### [What to produce]
Give the lines again exactly as they appear below, from the line with "Heli Pack 12L Backpack" to the line with "Additional image 5", both included, and only those lines. Leave every picture out.

·····

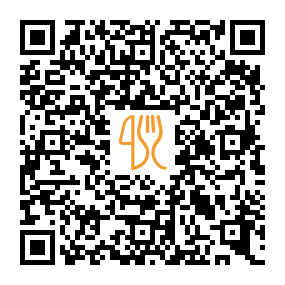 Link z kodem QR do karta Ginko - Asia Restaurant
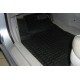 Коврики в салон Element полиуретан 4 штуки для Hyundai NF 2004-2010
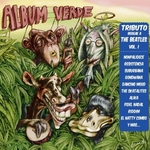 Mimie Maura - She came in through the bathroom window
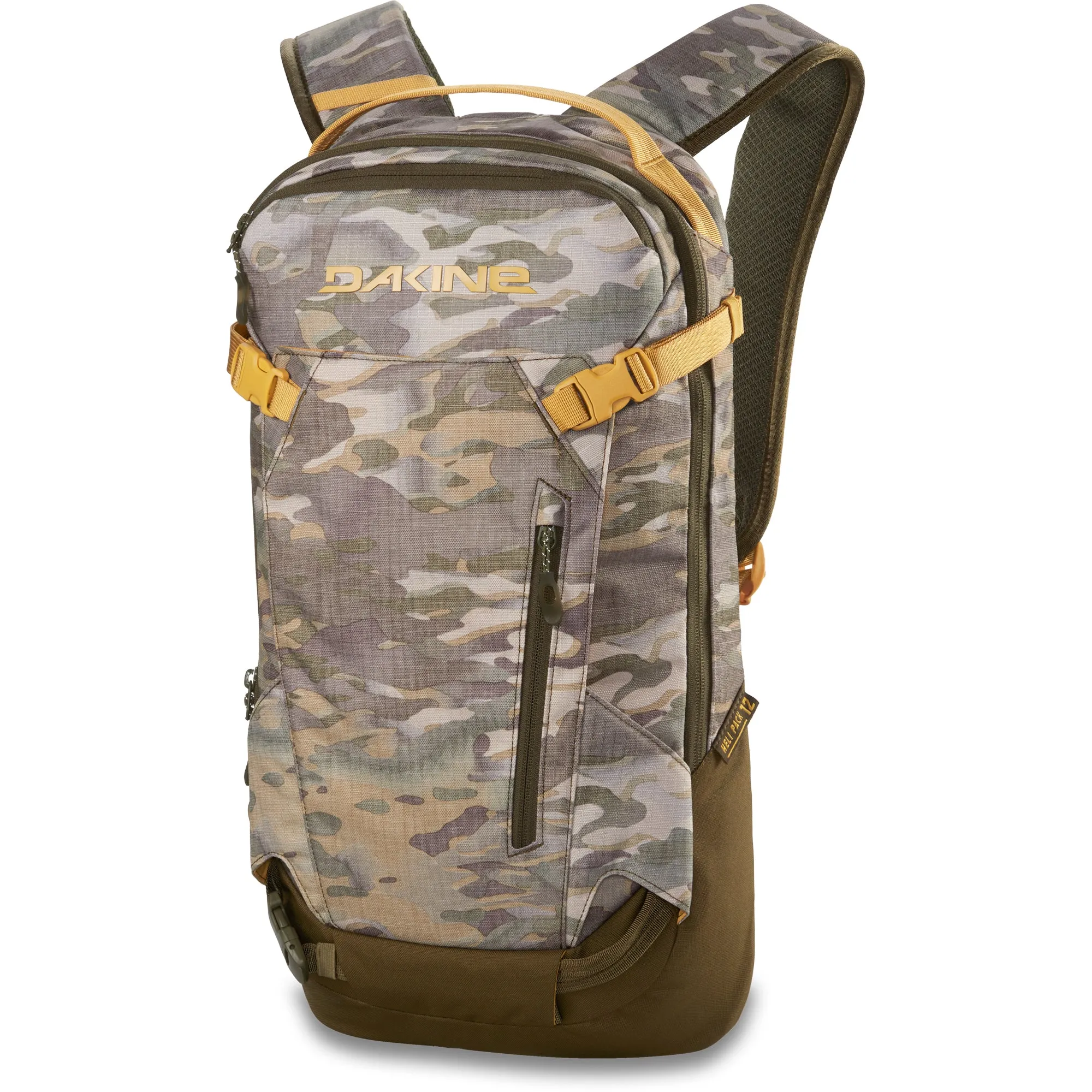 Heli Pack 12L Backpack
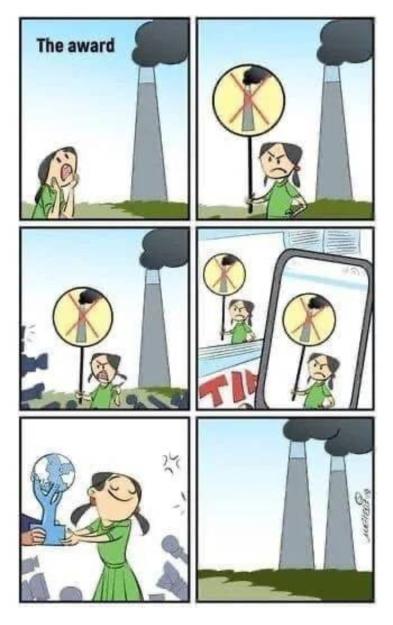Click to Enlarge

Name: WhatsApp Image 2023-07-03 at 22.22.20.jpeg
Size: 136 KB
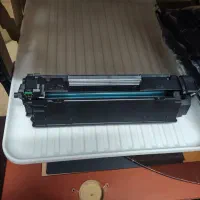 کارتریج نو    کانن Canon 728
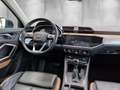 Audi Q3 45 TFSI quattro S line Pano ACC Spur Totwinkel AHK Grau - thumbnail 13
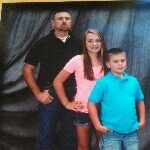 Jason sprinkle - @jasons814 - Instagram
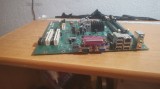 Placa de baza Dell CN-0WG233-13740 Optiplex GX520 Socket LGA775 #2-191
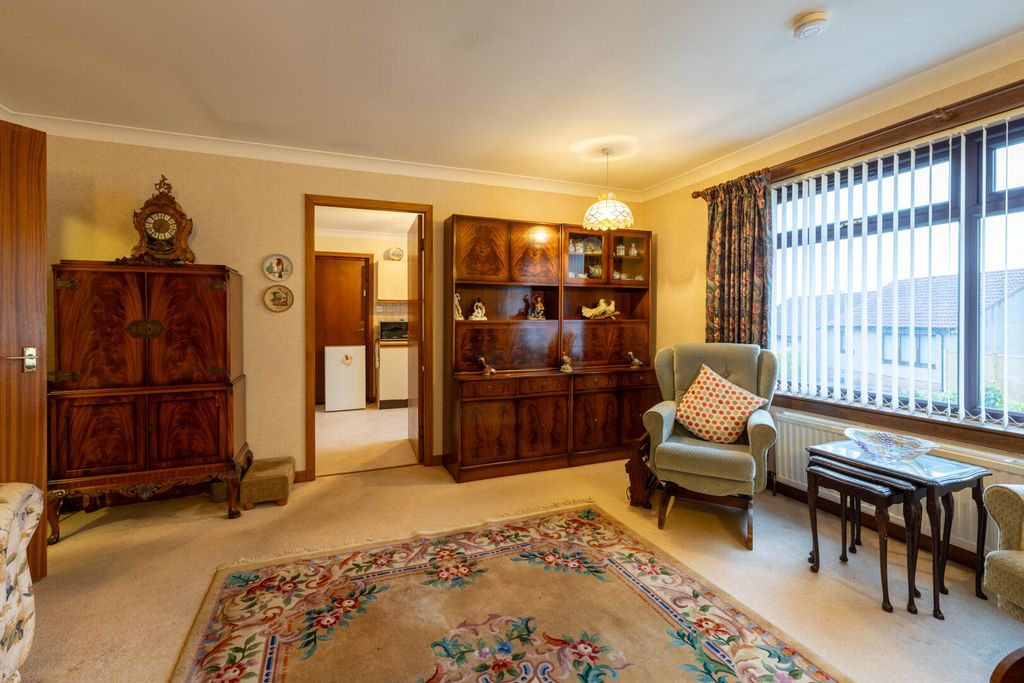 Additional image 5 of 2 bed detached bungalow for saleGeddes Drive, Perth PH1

·····

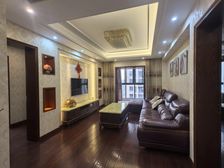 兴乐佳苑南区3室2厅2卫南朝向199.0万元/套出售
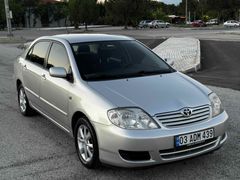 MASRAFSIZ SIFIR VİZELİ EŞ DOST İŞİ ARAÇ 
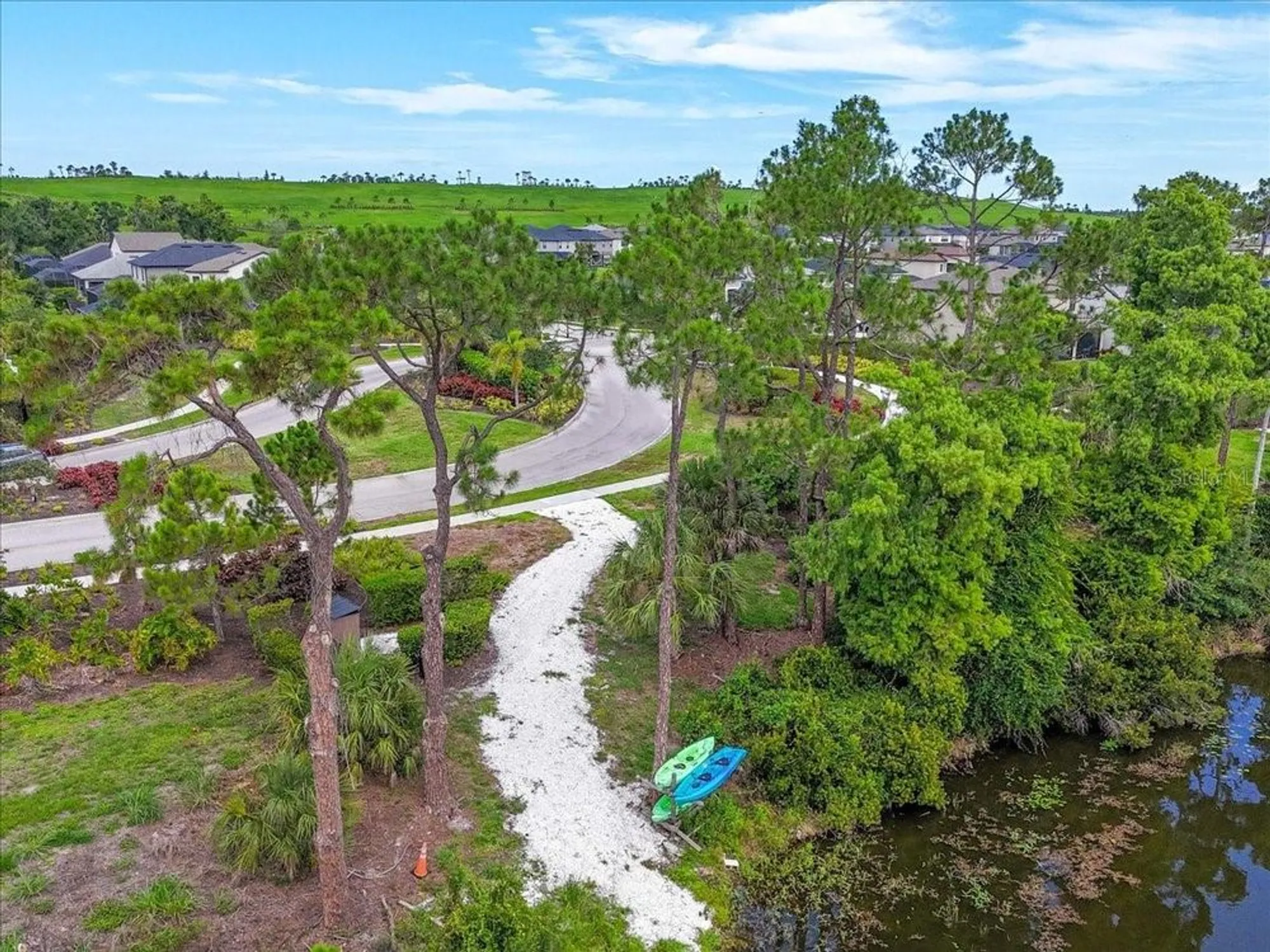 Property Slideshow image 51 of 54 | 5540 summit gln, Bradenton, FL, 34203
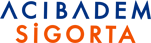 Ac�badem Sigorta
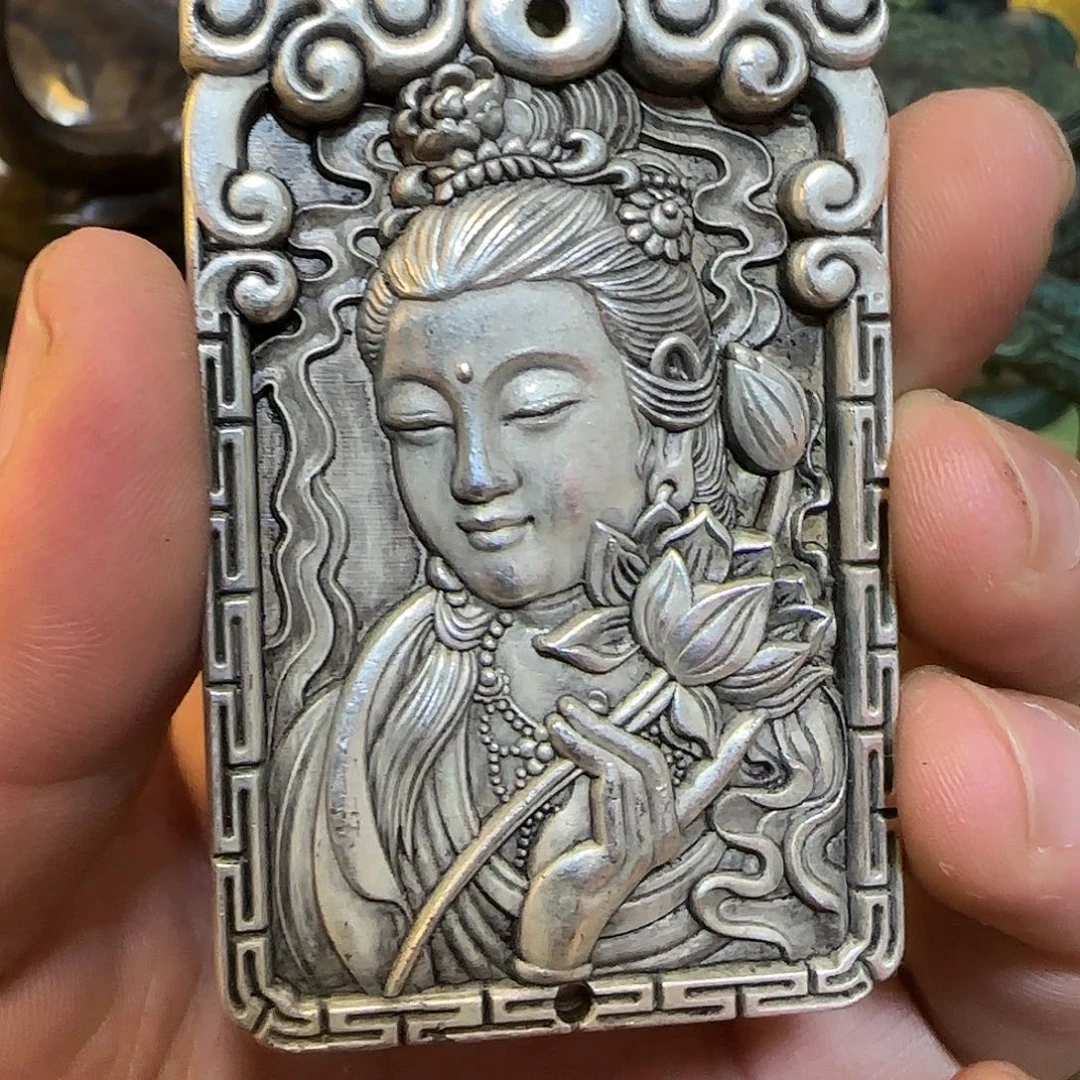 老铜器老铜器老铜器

·····

### [Task result]
 Heli Pack 12L Backpack
Click to Enlarge

Name: WhatsApp Image 2023-07-03 at 22.22.20.jpeg
Size: 136 KB
 کارتریج نو    کانن Canon 728
 Audi Q3 45 TFSI quattro S line Pano ACC Spur Totwinkel AHK Grau - thumbnail 13
 Jason sprinkle - @jasons814 - Instagram
 Placa de baza Dell CN-0WG233-13740 Optiplex GX520 Socket LGA775 #2-191
 Additional image 5 of 2 bed detached bungalow for saleGeddes Drive, Perth PH1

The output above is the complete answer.